*Material shown:*
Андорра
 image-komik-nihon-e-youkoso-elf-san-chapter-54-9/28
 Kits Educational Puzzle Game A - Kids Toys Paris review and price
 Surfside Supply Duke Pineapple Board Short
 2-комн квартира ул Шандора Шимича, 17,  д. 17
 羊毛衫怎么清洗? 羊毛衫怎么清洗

*Prompt:*
In the listing above, find the line with "Surfside Supply Duke Pineapple Board Short" and set down that line and all after it exactly, through the final line.

*Result for this task:*
 Surfside Supply Duke Pineapple Board Short
 2-комн квартира ул Шандора Шимича, 17,  д. 17
 羊毛衫怎么清洗? 羊毛衫怎么清洗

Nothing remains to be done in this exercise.